[TASK REQUIREMENTS] An exact copy of the data below is needed; please leave out any pictures.

[PROVIDED MATERIAL]
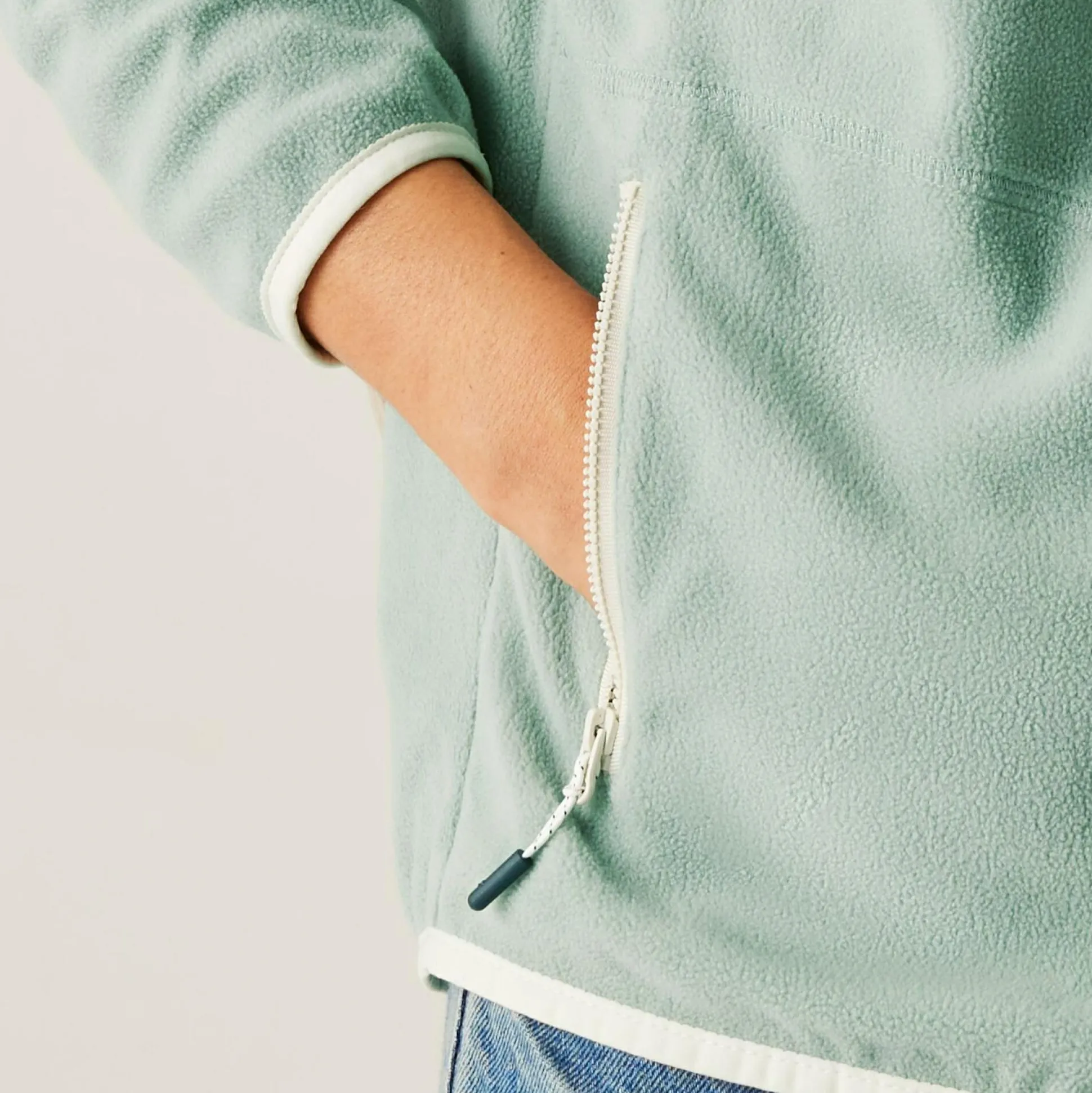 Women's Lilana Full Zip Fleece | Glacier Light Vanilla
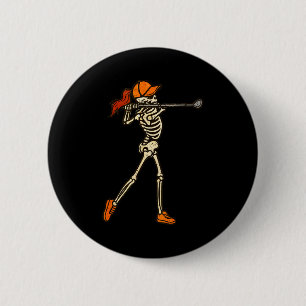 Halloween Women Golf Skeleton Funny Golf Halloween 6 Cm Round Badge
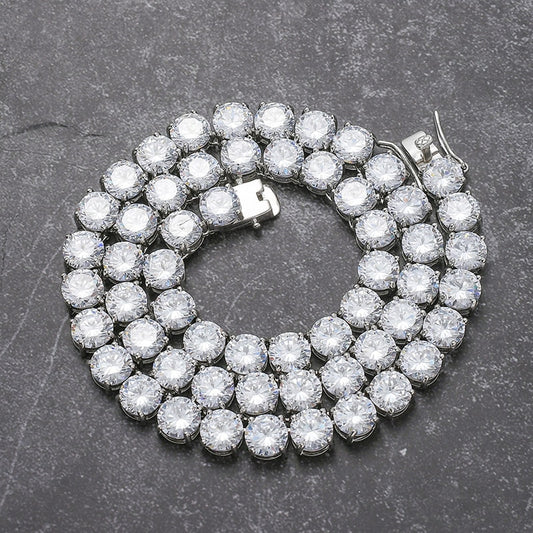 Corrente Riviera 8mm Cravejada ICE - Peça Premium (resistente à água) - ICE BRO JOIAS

[EXERCISE OUTPUT]
 Women's Lilana Full Zip Fleece | Glacier Light Vanilla
 Halloween Women Golf Skeleton Funny Golf Halloween 6 Cm Round Badge
 Corrente Riviera 8mm Cravejada ICE - Peça Premium (resistente à água) - ICE BRO JOIAS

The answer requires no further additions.